Segment Open
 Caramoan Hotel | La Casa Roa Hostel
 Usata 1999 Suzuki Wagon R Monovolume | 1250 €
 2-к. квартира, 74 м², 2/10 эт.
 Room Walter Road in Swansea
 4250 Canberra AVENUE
Segment Closed
Segment Open
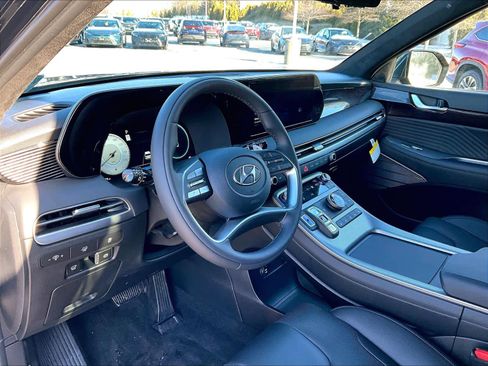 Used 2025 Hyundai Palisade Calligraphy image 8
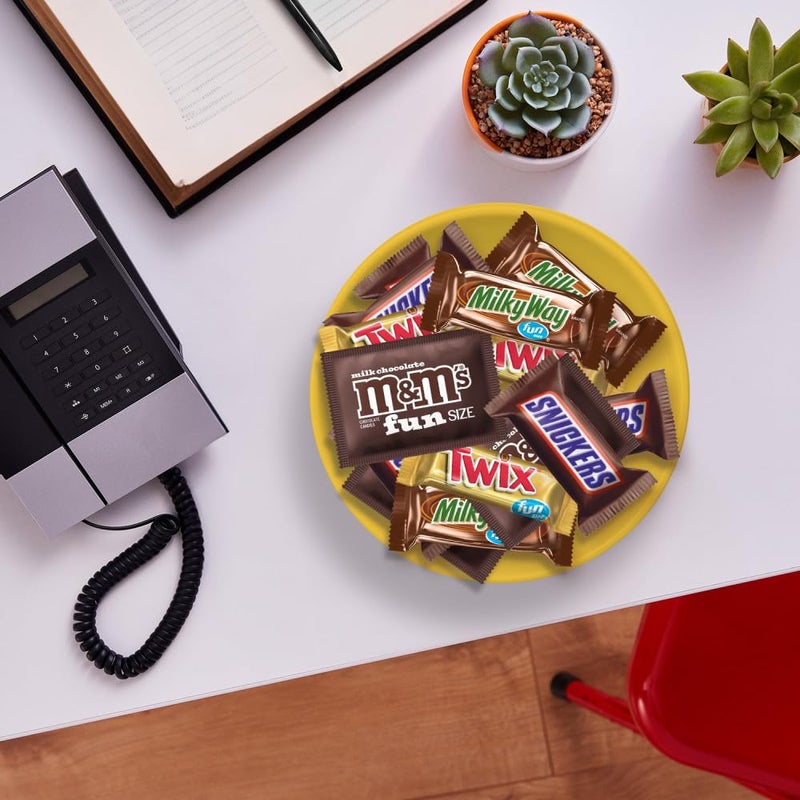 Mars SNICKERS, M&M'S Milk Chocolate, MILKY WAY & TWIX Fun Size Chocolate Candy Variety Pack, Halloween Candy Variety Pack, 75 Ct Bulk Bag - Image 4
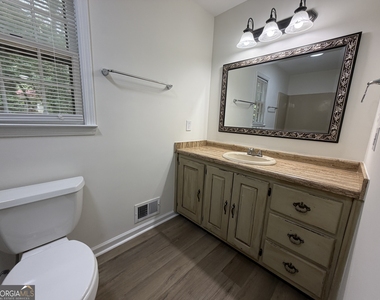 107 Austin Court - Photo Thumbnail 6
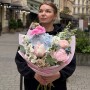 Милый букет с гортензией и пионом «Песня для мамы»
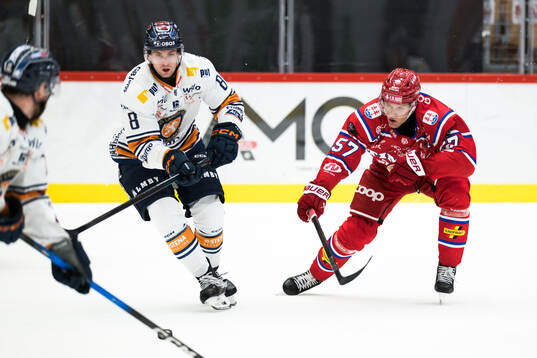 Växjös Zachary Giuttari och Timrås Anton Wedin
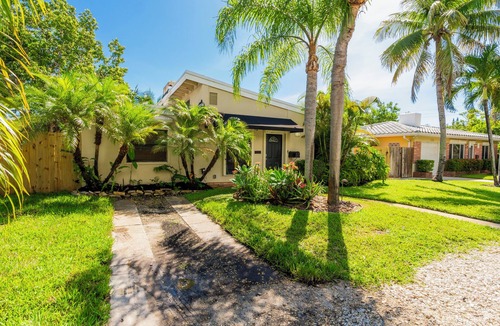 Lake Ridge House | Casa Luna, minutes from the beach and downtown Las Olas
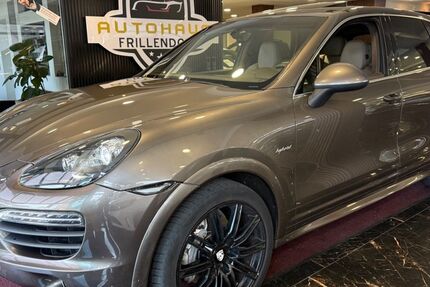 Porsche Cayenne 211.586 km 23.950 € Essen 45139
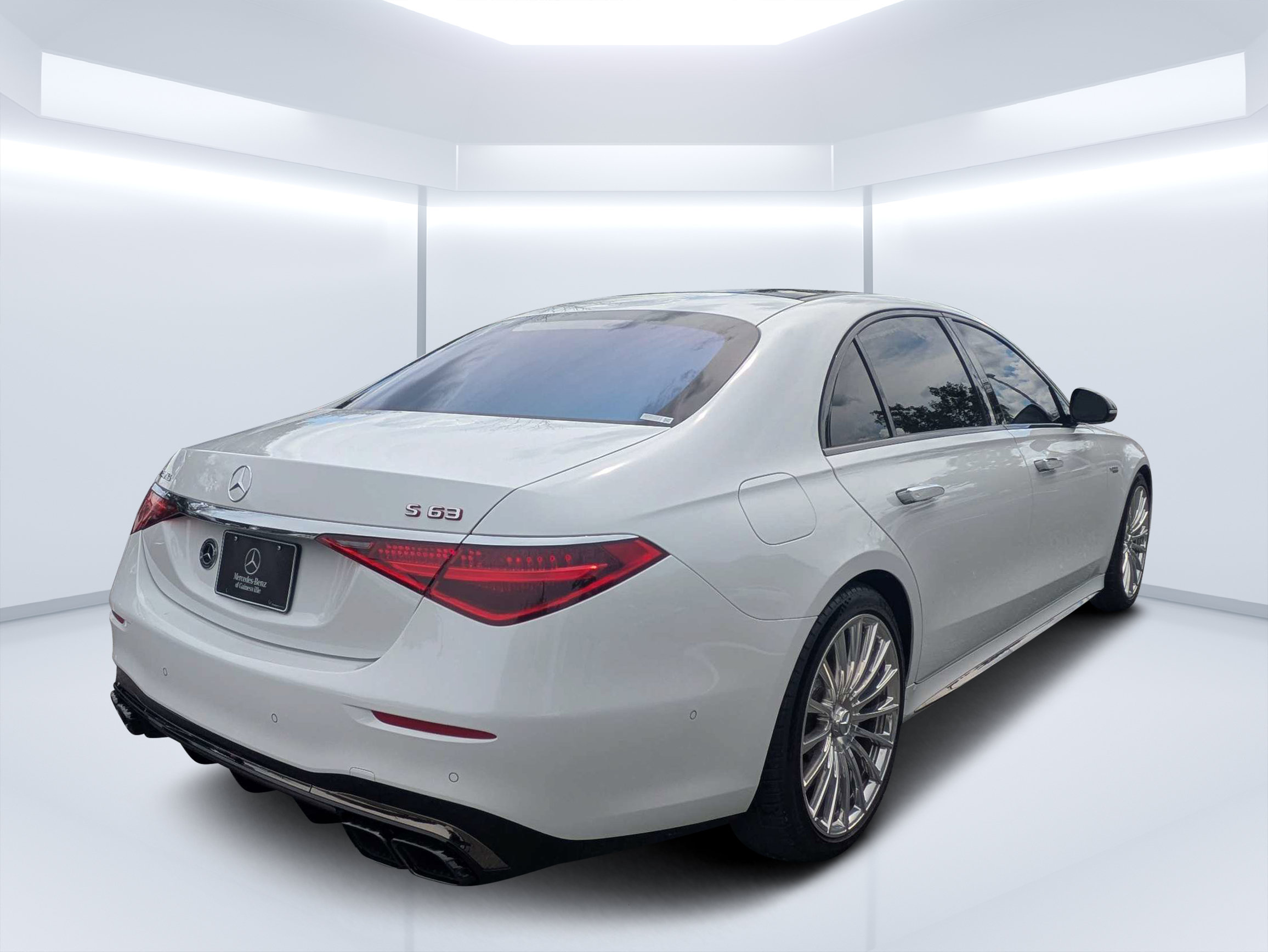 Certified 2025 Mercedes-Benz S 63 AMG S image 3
Segment Closed
*Problem to work on*. Your task is to transcribe, with no changes, only the lines of the listing above that lie between the line holding "Usata 1999 Suzuki" and the line holding "4250 Canberra AVENUE", inclusive.

*Task answer*.
 Usata 1999 Suzuki Wagon R Monovolume | 1250 €
 2-к. квартира, 74 м², 2/10 эт.
 Room Walter Road in Swansea
 4250 Canberra AVENUE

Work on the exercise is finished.